7. Christian has had quite a week! All at once, he is army crawling (Chels calls it zombie crawling because of his personal twist on the conventional style), pulling himself up to a sitting position from being on his stomach, hanging on to the furniture, referring to Noel (the cat) as “didi,” and preferring all of our food over his. Some of these are “early” and some of them are “late,” but as I’m always telling Chels, every baby is different. Our experience with our three babies has certainly borne that out. Still, this week it was hard to keep up!
8. Poor Edie had a reaction to her flu shot (which wasn’t really a shot, as she keeps reminding me – “Daddy, it was a vaccine…”). It was a nasal spray this time, which is nice, but 24 hours later she had a fever and felt awful. Edie never (ever!) gets sick, so it was hard to see her dealing with that. To make matters worse, we were over at my parents’ house for my brother’s birthday, which she wasn’t really able to enjoy – she loves a party!
9. Speaking of my brother, Jeff, he turned 21 last week. Which is insane. That is all.

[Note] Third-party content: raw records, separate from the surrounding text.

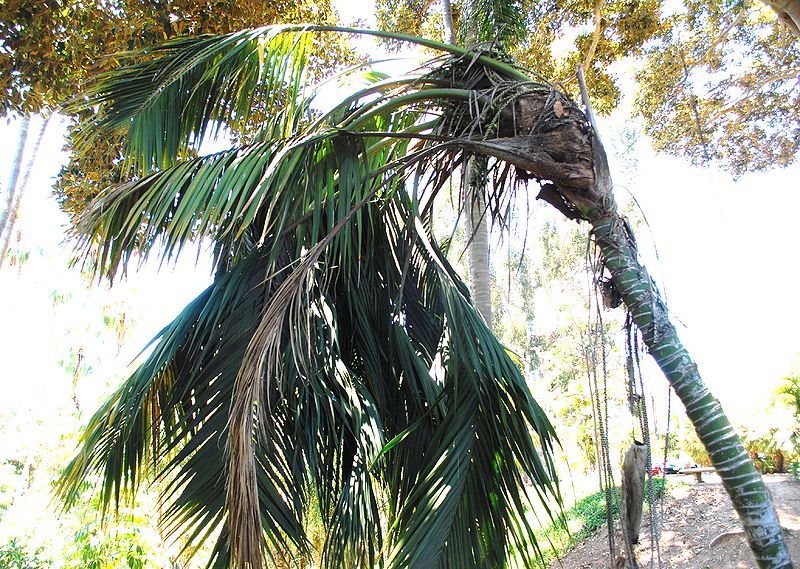 File:Howea leaner closer.JPG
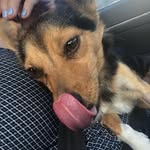 Luna Robinson - @lunathelittlerescue - Instagram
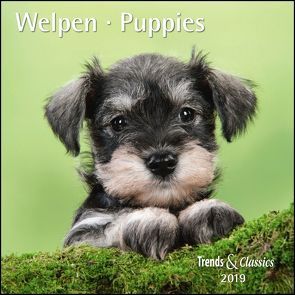 Welpen Puppies 2019 – Broschürenkalender – Wandkalender – mit herausnehmbarem Poster – Format 30 x 30 cm von DUMONT Kalenderverlag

10. Actually, that’s not all. He’s taking an engineering class at Portland State University, and he’s been working on building and programming a fan. Yeah. It doesn’t sound like much, but it’s amazing how complicated it is. He had to design the parts, have them cut and shaped out of plastic, wire the engines, and then write the programming code that would govern the fan speed, when it started and stopped, and the oscillation. I found myself quite fascinated by the process. He finished it while we were over for his birthday on Saturday night – he was underwhelmed as the fan blade spun and the head moved back and forth. I’m sure it seemed a minor accomplishment after weeks of work, but I was ecstatic and very proud – he made it work! I have infinitely more respect for my oscillating fans at this point.